━━━ Entries supplied ━━━

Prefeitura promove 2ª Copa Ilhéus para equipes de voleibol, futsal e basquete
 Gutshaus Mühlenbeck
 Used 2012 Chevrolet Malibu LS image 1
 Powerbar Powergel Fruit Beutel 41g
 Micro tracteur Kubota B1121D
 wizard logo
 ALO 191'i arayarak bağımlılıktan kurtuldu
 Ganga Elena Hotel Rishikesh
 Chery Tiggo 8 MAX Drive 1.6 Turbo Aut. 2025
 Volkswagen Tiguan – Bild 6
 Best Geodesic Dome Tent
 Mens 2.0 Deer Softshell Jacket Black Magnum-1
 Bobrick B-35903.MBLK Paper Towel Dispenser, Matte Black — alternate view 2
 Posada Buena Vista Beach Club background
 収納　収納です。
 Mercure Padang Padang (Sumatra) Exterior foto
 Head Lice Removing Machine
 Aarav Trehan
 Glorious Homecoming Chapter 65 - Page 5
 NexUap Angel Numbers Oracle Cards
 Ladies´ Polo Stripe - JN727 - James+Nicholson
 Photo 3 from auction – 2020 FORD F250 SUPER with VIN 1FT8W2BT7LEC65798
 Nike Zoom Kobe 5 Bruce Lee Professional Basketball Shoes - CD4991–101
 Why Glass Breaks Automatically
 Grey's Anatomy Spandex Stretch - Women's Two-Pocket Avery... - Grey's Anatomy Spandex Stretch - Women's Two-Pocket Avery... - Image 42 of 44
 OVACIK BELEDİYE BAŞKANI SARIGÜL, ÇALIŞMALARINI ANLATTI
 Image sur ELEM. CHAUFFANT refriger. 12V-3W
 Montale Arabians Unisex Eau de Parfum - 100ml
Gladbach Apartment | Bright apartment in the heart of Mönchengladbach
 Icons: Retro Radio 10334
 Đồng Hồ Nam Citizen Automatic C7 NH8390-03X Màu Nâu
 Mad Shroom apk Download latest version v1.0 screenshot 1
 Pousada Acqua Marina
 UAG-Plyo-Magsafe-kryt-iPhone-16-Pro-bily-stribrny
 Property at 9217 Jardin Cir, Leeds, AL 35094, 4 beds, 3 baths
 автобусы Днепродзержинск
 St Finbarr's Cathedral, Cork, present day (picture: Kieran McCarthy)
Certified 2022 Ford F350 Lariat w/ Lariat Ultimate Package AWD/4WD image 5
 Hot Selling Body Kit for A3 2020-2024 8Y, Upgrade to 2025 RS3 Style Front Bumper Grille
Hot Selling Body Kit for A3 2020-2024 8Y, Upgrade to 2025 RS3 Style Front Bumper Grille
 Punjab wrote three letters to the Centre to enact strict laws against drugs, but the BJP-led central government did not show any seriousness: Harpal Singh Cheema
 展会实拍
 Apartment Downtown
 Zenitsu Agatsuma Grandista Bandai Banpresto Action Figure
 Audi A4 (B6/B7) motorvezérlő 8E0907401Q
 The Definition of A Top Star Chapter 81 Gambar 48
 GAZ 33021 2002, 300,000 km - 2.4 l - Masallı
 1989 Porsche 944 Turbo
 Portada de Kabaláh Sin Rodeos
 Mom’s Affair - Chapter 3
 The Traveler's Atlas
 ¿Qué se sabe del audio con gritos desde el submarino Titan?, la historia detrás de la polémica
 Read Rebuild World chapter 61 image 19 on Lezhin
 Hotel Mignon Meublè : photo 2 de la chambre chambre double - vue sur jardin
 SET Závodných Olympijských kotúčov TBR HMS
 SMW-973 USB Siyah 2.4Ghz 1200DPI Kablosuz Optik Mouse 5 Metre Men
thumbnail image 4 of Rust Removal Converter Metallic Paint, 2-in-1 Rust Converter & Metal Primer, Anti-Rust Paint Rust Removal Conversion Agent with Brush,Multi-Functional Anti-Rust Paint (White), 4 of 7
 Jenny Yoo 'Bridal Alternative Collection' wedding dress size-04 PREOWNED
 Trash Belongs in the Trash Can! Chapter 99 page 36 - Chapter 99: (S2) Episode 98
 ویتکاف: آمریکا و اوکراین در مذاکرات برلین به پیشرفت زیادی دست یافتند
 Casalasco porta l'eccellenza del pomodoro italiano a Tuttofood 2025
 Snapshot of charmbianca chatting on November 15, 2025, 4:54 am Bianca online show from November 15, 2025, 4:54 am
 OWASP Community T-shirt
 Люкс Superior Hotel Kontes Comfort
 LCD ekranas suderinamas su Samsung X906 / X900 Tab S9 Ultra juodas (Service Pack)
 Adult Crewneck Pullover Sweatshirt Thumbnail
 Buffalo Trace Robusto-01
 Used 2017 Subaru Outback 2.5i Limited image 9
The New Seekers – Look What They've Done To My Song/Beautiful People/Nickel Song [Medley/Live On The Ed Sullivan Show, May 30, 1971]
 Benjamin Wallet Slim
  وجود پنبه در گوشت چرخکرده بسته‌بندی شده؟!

━━━

* What the exercise asks *
Every line above from the line with "Apartment Downtown" to the line with "SMW-973 USB Siyah", inclusive, must be returned exactly; no other line belongs in the reply.

* Task solution *
 Apartment Downtown
 Zenitsu Agatsuma Grandista Bandai Banpresto Action Figure
 Audi A4 (B6/B7) motorvezérlő 8E0907401Q
 The Definition of A Top Star Chapter 81 Gambar 48
 GAZ 33021 2002, 300,000 km - 2.4 l - Masallı
 1989 Porsche 944 Turbo
 Portada de Kabaláh Sin Rodeos
 Mom’s Affair - Chapter 3
 The Traveler's Atlas
 ¿Qué se sabe del audio con gritos desde el submarino Titan?, la historia detrás de la polémica
 Read Rebuild World chapter 61 image 19 on Lezhin
 Hotel Mignon Meublè : photo 2 de la chambre chambre double - vue sur jardin
 SET Závodných Olympijských kotúčov TBR HMS
 SMW-973 USB Siyah 2.4Ghz 1200DPI Kablosuz Optik Mouse 5 Metre Men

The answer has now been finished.